La storia di un incontro fortuito, che risveglia ricordi e bellissime emozioni. Perché il legame tra insegnanti e alunni dura nel tempo, e a restare impressi nella mente di bambine e bambini non sono solo gli insegnamenti, ma anche la dedizione e la cura che abbiamo dedicato loro in un tratto di vita. Come ci racconta Maria Concetta Messina in questo articolo.

Mi piace molto andare a mangiare a Trastevere, qua a Roma. A parte l’atmosfera suggestiva, si possono gustare i tipici piatti della cucina romana, tra i quali gli immancabili “carciofi alla giudia” che sortiscono in tanti, compresa me, una sorta di dipendenza. Mi trovavo per l’appunto lì, in una bella e calda giornata di giugno, dopo una sfiancante passeggiata sui sampietrini delle splendide viuzze del centro.
Ad accogliermi un giovane cameriere molto distinto e dal tono di voce basso e pacato. Durante il pasto, ho notato che ha cominciato ad avvicinarsi sempre più spesso per chiedermi se la pietanza fosse di mio gradimento, se la scelta del primo era stata congeniale, se il vino fosse buono… e ogni volta il suo sguardo mi sembrava più compiacente, più accogliente. Sino a quando mi sono accorta di essere osservata in tralice anche quando il ragazzo sostava semplicemente nella stanza per vigilare la clientela.
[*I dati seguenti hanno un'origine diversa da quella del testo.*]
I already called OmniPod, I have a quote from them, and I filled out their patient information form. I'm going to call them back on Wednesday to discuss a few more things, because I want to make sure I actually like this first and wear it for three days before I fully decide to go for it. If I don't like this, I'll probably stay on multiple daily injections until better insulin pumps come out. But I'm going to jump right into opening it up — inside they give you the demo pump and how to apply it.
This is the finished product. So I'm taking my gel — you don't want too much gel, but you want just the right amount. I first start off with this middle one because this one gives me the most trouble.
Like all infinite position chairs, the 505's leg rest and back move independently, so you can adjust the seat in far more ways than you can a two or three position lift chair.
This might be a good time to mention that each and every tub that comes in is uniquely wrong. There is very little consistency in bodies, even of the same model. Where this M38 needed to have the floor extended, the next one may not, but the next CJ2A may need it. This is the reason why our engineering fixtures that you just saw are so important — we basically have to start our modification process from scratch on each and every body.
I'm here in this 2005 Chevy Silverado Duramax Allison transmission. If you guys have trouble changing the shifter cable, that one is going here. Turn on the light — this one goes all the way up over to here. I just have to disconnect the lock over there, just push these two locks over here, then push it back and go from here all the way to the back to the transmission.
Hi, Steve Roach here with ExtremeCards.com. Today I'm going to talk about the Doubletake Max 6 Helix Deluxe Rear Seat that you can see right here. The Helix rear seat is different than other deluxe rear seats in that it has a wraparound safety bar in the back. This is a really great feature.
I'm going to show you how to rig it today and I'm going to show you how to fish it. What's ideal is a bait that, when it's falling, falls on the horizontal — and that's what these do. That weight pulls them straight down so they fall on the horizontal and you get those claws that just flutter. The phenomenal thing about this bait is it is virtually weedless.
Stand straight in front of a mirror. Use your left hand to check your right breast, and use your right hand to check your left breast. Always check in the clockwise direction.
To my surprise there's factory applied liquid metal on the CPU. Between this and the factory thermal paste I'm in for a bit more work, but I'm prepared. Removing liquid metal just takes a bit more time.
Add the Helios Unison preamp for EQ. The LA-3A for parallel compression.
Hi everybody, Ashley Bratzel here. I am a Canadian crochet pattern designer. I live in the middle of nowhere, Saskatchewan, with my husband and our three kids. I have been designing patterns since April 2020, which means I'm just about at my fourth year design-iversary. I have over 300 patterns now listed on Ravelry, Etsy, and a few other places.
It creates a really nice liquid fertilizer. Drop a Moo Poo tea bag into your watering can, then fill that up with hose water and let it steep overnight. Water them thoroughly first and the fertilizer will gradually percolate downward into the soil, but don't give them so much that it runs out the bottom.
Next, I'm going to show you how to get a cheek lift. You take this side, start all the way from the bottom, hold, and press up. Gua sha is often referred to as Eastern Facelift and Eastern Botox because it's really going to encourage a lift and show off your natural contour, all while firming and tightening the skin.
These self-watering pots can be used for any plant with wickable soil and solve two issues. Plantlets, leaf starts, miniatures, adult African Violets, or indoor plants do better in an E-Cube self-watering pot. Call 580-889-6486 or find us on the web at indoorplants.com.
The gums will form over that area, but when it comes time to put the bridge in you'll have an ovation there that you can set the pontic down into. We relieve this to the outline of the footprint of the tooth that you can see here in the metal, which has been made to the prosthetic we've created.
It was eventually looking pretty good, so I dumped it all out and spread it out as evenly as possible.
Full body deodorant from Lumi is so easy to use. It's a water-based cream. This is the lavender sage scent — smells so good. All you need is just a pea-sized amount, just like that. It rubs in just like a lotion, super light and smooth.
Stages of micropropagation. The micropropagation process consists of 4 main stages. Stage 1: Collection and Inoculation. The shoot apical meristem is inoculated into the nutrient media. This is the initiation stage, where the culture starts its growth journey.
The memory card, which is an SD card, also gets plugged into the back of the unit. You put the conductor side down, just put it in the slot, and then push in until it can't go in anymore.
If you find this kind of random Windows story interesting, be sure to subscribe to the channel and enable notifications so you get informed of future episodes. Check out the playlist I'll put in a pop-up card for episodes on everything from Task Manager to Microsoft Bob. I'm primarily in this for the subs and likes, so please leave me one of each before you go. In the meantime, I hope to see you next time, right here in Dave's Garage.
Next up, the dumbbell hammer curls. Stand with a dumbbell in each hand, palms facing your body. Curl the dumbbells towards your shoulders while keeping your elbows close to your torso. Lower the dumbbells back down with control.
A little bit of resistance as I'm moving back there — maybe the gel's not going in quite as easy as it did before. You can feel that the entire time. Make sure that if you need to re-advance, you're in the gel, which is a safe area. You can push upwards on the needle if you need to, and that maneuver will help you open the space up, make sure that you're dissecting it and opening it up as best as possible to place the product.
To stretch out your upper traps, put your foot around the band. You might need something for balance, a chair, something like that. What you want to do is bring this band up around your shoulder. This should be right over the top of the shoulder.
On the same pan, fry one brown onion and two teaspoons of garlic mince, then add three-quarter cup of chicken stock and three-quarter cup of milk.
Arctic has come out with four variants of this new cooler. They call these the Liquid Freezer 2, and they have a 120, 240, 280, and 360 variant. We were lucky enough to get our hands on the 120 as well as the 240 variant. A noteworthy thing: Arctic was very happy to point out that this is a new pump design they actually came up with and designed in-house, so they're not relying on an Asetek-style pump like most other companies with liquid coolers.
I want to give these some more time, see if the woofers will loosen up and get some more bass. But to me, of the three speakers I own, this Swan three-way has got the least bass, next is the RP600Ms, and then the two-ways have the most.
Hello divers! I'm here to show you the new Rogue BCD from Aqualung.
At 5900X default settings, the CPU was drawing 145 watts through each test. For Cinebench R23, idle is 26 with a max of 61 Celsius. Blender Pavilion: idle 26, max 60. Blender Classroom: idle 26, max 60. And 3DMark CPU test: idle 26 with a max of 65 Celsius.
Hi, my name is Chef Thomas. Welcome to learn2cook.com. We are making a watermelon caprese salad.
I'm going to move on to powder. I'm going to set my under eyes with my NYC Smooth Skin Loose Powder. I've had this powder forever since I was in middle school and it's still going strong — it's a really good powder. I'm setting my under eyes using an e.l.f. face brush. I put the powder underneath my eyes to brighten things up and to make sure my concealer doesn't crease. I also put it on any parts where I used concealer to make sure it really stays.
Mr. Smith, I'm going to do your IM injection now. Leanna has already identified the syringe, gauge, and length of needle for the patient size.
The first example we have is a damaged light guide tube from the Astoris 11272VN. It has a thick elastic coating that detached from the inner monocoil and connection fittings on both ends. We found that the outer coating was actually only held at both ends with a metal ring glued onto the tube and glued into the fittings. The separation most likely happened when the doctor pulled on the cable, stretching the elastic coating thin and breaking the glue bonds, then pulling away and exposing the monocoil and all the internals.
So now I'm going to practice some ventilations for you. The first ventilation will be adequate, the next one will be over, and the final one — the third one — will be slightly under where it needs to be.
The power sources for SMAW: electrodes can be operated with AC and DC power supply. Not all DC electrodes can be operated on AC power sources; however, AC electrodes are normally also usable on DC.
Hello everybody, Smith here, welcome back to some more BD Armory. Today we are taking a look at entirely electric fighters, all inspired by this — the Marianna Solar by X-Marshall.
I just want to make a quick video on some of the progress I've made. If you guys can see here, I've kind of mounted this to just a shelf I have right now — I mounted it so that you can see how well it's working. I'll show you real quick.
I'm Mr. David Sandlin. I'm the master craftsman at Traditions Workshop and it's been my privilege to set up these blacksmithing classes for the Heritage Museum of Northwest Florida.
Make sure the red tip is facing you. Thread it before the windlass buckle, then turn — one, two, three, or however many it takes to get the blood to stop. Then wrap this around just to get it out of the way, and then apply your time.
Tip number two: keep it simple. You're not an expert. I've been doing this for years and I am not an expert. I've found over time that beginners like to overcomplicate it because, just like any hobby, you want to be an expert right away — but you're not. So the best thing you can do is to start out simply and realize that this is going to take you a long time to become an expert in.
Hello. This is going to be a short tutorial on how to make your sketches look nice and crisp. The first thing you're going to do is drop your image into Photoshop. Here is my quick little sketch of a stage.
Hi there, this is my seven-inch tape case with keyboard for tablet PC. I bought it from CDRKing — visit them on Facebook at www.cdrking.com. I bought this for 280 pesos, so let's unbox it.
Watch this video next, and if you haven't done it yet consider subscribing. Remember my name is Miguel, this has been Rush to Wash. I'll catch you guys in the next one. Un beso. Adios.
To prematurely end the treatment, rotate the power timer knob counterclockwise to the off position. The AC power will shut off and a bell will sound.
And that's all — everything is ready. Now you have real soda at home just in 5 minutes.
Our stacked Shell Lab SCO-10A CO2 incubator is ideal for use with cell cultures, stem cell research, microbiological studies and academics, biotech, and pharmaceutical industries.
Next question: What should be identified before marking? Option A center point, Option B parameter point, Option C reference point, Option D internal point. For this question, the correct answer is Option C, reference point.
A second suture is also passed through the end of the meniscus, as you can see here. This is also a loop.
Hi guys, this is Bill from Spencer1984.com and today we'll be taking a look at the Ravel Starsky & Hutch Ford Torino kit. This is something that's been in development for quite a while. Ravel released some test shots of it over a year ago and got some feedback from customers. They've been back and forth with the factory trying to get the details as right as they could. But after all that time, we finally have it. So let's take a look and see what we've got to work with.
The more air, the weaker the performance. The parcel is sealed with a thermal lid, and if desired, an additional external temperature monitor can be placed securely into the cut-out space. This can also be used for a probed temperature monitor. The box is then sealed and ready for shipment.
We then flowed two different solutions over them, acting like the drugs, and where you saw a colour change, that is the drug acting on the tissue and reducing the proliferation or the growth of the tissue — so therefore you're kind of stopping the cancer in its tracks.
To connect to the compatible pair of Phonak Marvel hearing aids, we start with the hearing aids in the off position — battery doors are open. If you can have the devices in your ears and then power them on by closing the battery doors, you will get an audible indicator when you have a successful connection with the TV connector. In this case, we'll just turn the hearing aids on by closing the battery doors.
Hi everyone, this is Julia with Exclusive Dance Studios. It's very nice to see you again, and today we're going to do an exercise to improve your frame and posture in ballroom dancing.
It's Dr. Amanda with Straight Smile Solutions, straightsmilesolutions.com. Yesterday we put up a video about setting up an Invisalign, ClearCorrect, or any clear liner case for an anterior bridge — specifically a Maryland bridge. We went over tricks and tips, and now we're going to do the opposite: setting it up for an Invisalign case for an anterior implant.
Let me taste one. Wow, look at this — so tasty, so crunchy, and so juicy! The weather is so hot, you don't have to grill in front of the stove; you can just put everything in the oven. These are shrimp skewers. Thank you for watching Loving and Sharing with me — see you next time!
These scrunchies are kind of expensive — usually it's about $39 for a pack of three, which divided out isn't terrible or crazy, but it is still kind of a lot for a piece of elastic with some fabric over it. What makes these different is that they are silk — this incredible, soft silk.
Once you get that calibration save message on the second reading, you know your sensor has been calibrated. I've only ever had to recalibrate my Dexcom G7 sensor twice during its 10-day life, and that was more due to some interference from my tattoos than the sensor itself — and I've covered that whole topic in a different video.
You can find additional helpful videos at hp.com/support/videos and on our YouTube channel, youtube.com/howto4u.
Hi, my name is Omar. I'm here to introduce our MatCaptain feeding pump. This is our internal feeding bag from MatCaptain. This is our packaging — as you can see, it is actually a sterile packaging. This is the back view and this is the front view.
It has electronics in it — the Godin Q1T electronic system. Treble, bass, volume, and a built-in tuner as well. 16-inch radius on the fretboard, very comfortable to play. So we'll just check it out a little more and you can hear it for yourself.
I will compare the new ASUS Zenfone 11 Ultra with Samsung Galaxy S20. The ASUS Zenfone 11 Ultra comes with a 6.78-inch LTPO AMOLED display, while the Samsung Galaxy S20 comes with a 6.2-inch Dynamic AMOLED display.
Ho cominciato a chiedermi dove lo avessi già visto prima e finalmente, prima della fine del pasto, è stato lui a rompere gli indugi e ad avvicinarsi solo per chiedermi: «Lei per caso di chiama Concetta?» Alla mia risposta affermativa, lui:«Sono Nicola!»
Da un campo Rom
Quando conosco Nicola ha solo sei anni e fa parte di quella classe prima che mi fu affidata appena arrivai a Roma dalla Sardegna, esattamente ventun’anni fa. Nicola però non è come tutti gli altri, è un bambino Rom, abita in un campo e arriva a scuola con un pulmino. Fa tantissime assenze, i genitori non vengono mai agli incontri programmati e per questo gli apprendimenti con lui vanno molto a rilento. Per insegnargli a leggere e a scrivere ricordo di aver utilizzato le mie due ore settimanali di compresenza, dedicate interamente a lui. Nicola arriva in quinta con noi, anche se il suo percorso scolastico è stato veramente accidentato e lui è pieno di lacune.
Ma come succede ogni volta quando termina una quinta, i bambini si lasciano andare e nel prendere una nuova classe si viene completamente assorbiti dai nuovi alunni e dalle loro esigenze.
Quando si ripensa a quelli “andati” li si vede ancora chini sui banchi con le faccette e i musini di allora, come se fossero ancora fermi, in un angolo remoto del pianeta. E invece loro vanno…
Una storia di riscatto
Al sentire il suo nome mi si accende una lampadina e mi alzo di scatto per stringerlo in un lungo e commosso abbraccio. Ho le lacrime, non riesco a pensare che quel mio bimbo sempre indietro sia diventato ora questo bel cameriere elegante e gentile.
Nicola mi racconta di essere stato in Germania, di aver lavorato là e di avere fatto esperienza e imparato la lingua. Una storia di riscatto insomma, un piccolo miracolo. Mi dice che per tutto il pranzo voleva chiedermi se fossi davvero quella sua maestra di cui non si era mai dimenticato (ha aggiunto anche un altro complimento che per un bagno di umiltà non riporto).
Momenti preziosi
Quando si è maestri, per i nostri alunni si è maestri per sempre. Come loro per noi, anche noi rimarremo inchiodati dentro le pareti dell’aula dove abbiamo impartito insegnamenti e veicolato soprattutto un modo di stare al mondo. Se abbiamo avuto interesse per i nostri alunni e abbiamo tenuto molto al fatto che essi imparassero, questo non si dimentica e rimane per sempre fissato nella loro memoria. Rimane fissata la totale dedizione a loro, più di ciò che abbiamo loro insegnato. È questo il bello della scuola. Il pezzo di strada che si fa assieme è per gli alunni, dopo quello vissuto a casa, il tempo più prezioso.
Nicola me lo ha ricordato e mi ha confermato che il legame tra maestra e alunno difficilmente si spezza, dove c’è stato soprattutto un ingrediente: la cura.